◆ **WORK INSTRUCTIONS**
Every entry should be reproduced precisely, with each picture left out.

◆ **INPUT RECORDS**
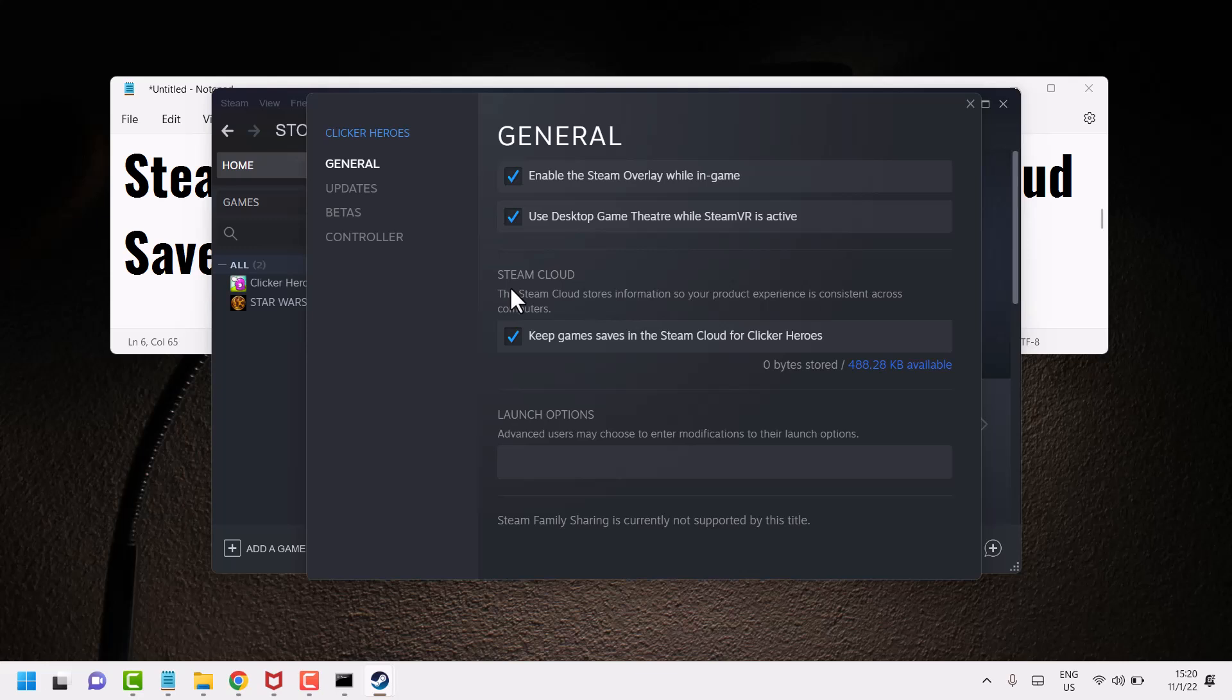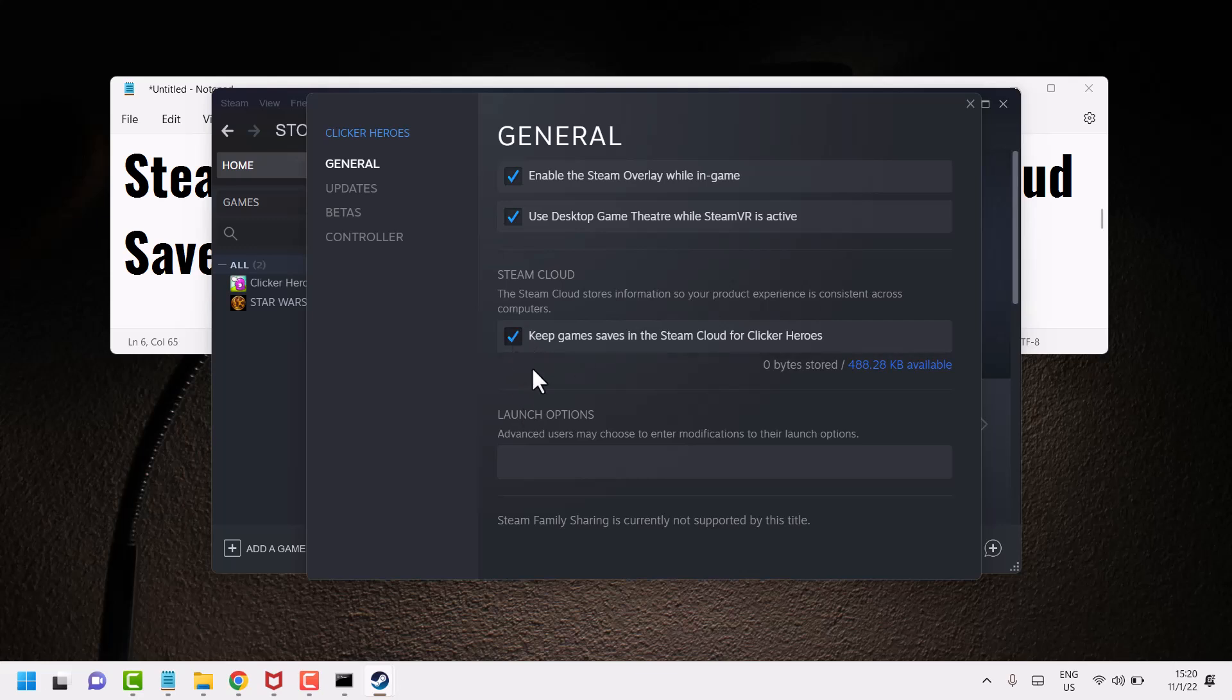Underneath Steam Cloud, you can save and you can delete from Steam Clouds. If you want to add and save, check this box. And if you need to delete or remove your games from cloud, uncheck it.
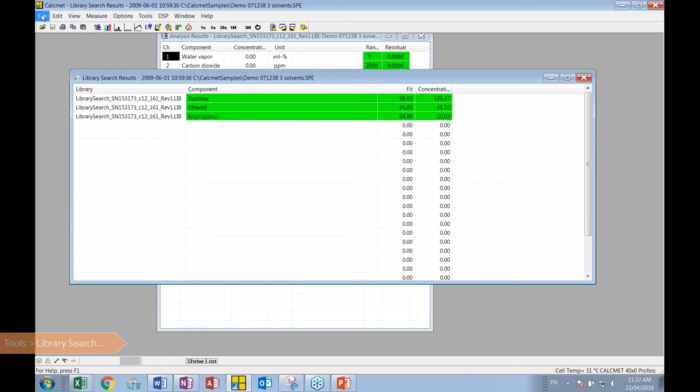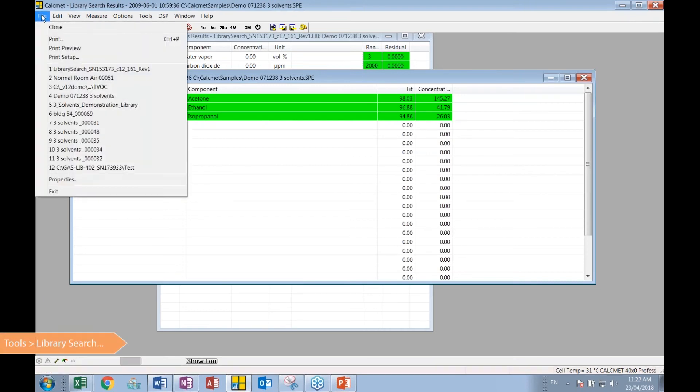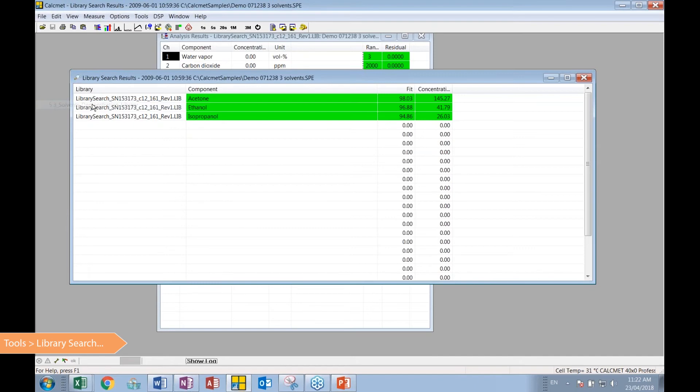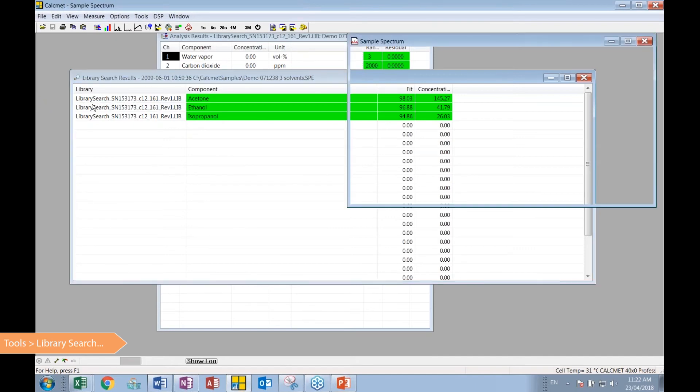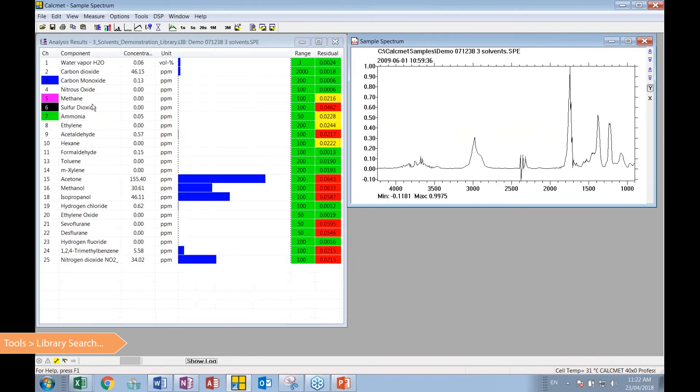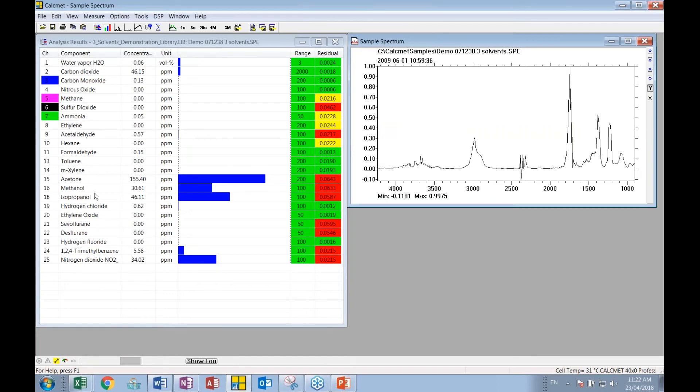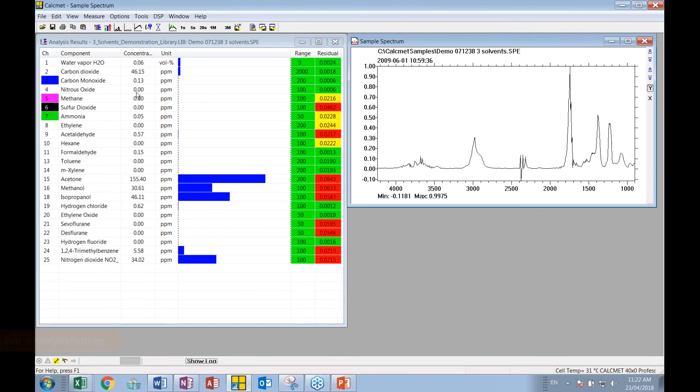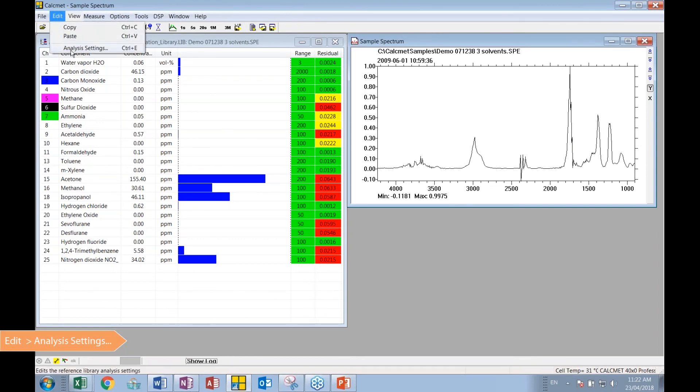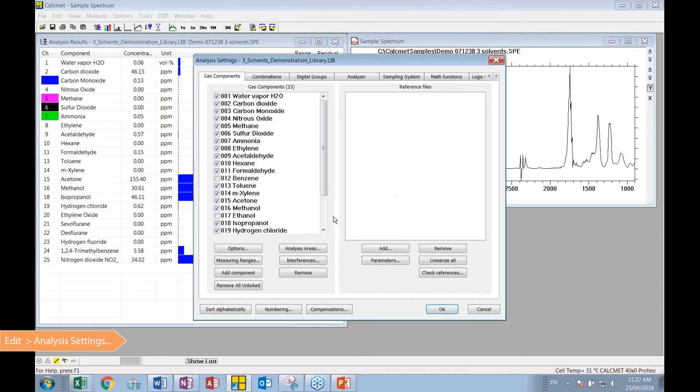So with that information, the user can go back to their original application library. Again, we're not changing the sample. The sample is staying constant and can look their way through and say, there's our acetone. Yes, we have the acetone, isopropyl alcohol. There's methanol, but the third gas it pointed us to was the ethanol. So let's add ethanol to our application library.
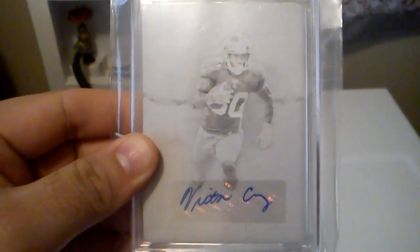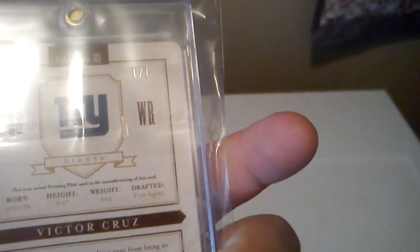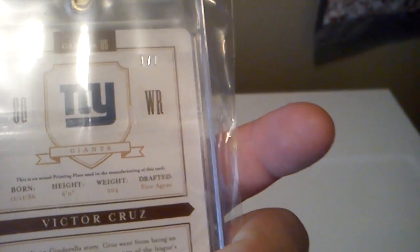Very nice card. Again, one of one. I have not decided if I am going to trade that or not. The only auto I have of him, I do not have another auto of him.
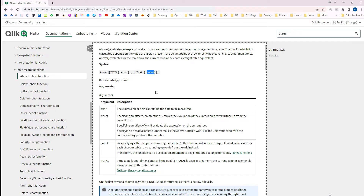The third parameter is count, which we are not going to discuss here. Count has great use when we combine above function with the range function — I will make another video on merging above, below, and range functions. We can also use the total qualifier here. So let's see a practical example.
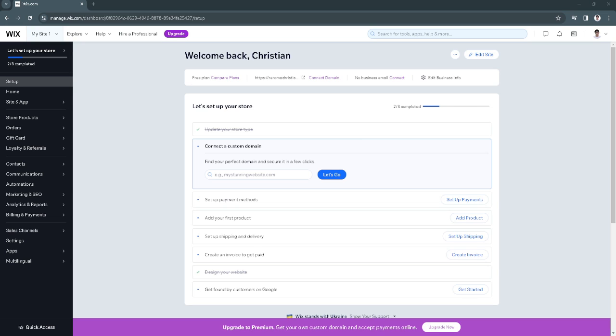In this video, I'm going to show you how to remove payment method on Wix. Please watch the video until the end and follow this tutorial step by step to avoid making mistakes. So let's get started.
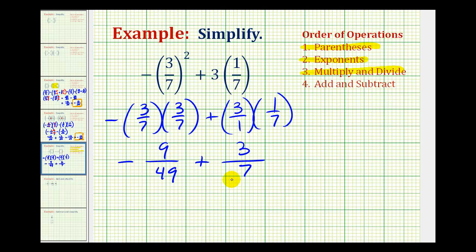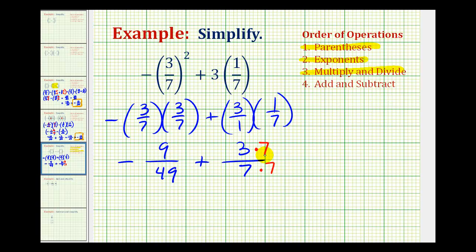Now the last step is to add these fractions, but we do have to have a common denominator. With a denominator of forty-nine and seven, we want the smallest number that is divisible by both forty-nine and seven — which is also the least common multiple of forty-nine and seven — and that would be forty-nine. So we can obtain the least common denominator by multiplying this denominator by seven and the numerator by seven.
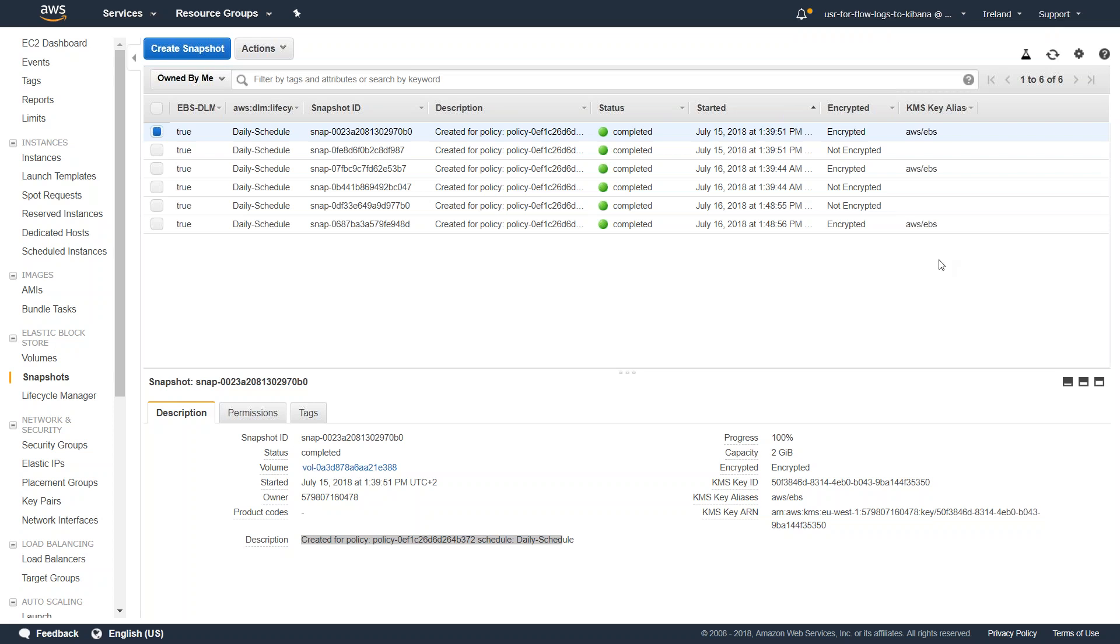So that is how you automate your snapshots without using serverless Lambda functions or CloudWatch log events or rules or anything. Just go ahead and choose the Lifecycle Manager and configure it. Remember for now this feature is available only in three regions, that is Ireland, Virginia, and Oregon, and Amazon is planning to roll this out in all other regions. Until then you can use this feature if you're using these regions and leverage the functionality that comes built-in instead of using custom code.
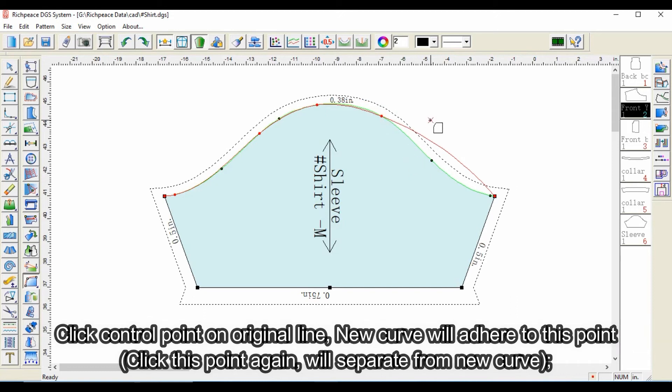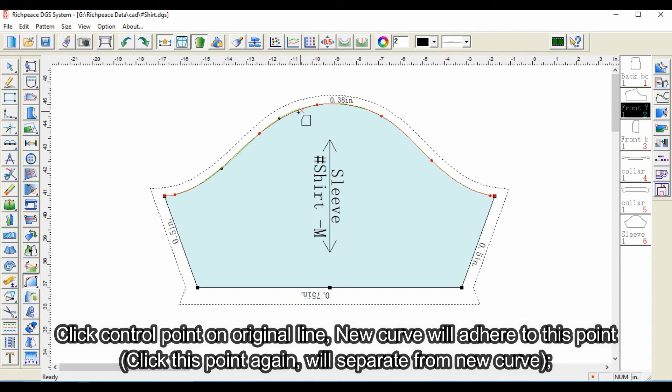Click a control point on the original line and the new curve will adhere to this point. Click this point again and it will separate from the new curve.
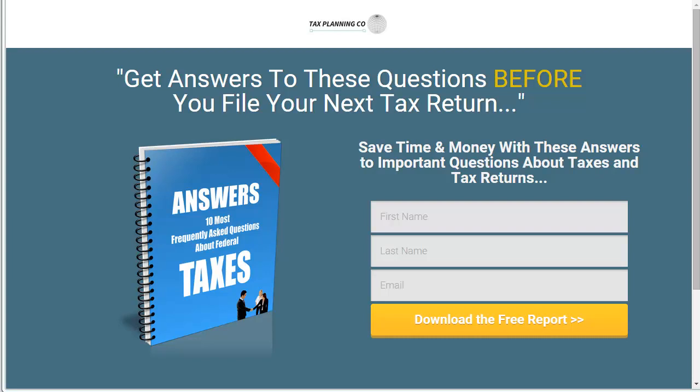Hey guys, so one of the things I wanted to talk to you about in this video is the landing page I've created for Tax Planning Co. Generally speaking, the site is set up for advertising and monetizing that way, bringing in visitors through the content, displaying ads in front of them. But I also had this idea that this would be a great site for monetizing from the perspective of collecting leads.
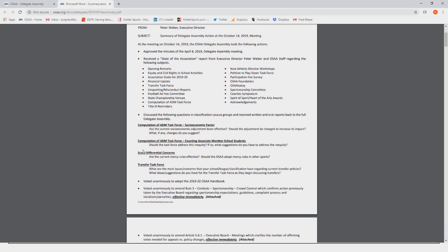Throughout the state, some of the score differentials have been extremely lopsided, to say the least, and in some cases, unsportsmanlike. In working with the OACA and OADA, the staff will start constructing what those modifications may be.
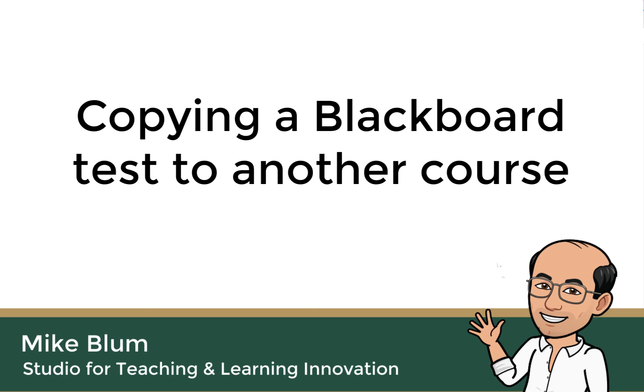Hi, this is Mike, and in this tutorial I'm going to show you how to copy a test from one Blackboard site to another.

◆ **RESPONSE BELOW**
Underneath Steam Cloud, you can save and you can delete from Steam Clouds. If you want to add and save, check this box. And if you need to delete or remove your games from cloud, uncheck it.
So with that information, the user can go back to their original application library. Again, we're not changing the sample. The sample is staying constant and can look their way through and say, there's our acetone. Yes, we have the acetone, isopropyl alcohol. There's methanol, but the third gas it pointed us to was the ethanol. So let's add ethanol to our application library.
Very nice card. Again, one of one. I have not decided if I am going to trade that or not. The only auto I have of him, I do not have another auto of him.
The third parameter is count, which we are not going to discuss here. Count has great use when we combine above function with the range function — I will make another video on merging above, below, and range functions. We can also use the total qualifier here. So let's see a practical example.
In this video, I'm going to show you how to remove payment method on Wix. Please watch the video until the end and follow this tutorial step by step to avoid making mistakes. So let's get started.
Now the last step is to add these fractions, but we do have to have a common denominator. With a denominator of forty-nine and seven, we want the smallest number that is divisible by both forty-nine and seven — which is also the least common multiple of forty-nine and seven — and that would be forty-nine. So we can obtain the least common denominator by multiplying this denominator by seven and the numerator by seven.
So that is how you automate your snapshots without using serverless Lambda functions or CloudWatch log events or rules or anything. Just go ahead and choose the Lifecycle Manager and configure it. Remember for now this feature is available only in three regions, that is Ireland, Virginia, and Oregon, and Amazon is planning to roll this out in all other regions. Until then you can use this feature if you're using these regions and leverage the functionality that comes built-in instead of using custom code.
Click a control point on the original line and the new curve will adhere to this point. Click this point again and it will separate from the new curve.
Hey guys, so one of the things I wanted to talk to you about in this video is the landing page I've created for Tax Planning Co. Generally speaking, the site is set up for advertising and monetizing that way, bringing in visitors through the content, displaying ads in front of them. But I also had this idea that this would be a great site for monetizing from the perspective of collecting leads.
Throughout the state, some of the score differentials have been extremely lopsided, to say the least, and in some cases, unsportsmanlike. In working with the OACA and OADA, the staff will start constructing what those modifications may be.
Hi, this is Mike, and in this tutorial I'm going to show you how to copy a test from one Blackboard site to another.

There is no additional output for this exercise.